- [Problem]: Set down a true copy of the data, with all pictures left out.

- [Recorded information]:
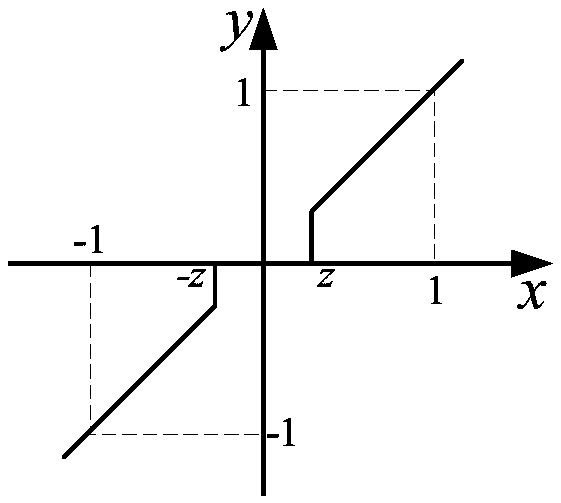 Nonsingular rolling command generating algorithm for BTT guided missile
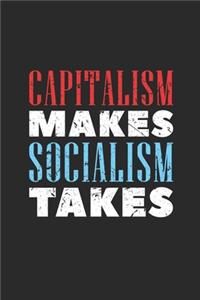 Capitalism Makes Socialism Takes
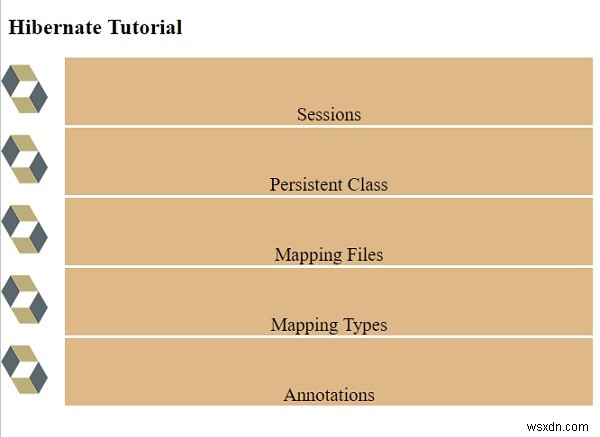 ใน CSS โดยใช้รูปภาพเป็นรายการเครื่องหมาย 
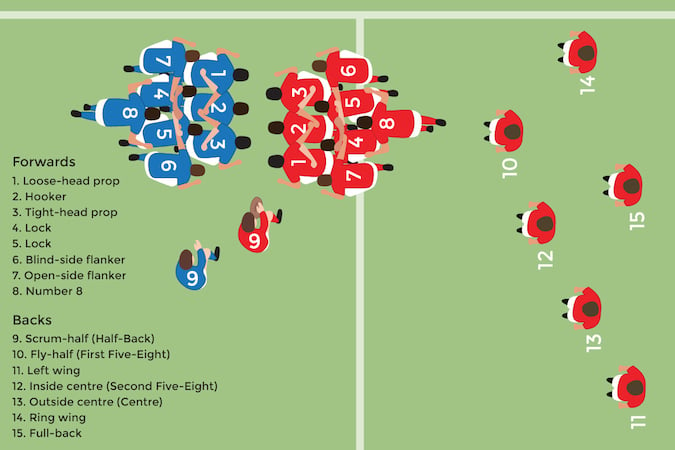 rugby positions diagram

- [Response box]:
 Nonsingular rolling command generating algorithm for BTT guided missile
 Capitalism Makes Socialism Takes
 ใน CSS โดยใช้รูปภาพเป็นรายการเครื่องหมาย 
 rugby positions diagram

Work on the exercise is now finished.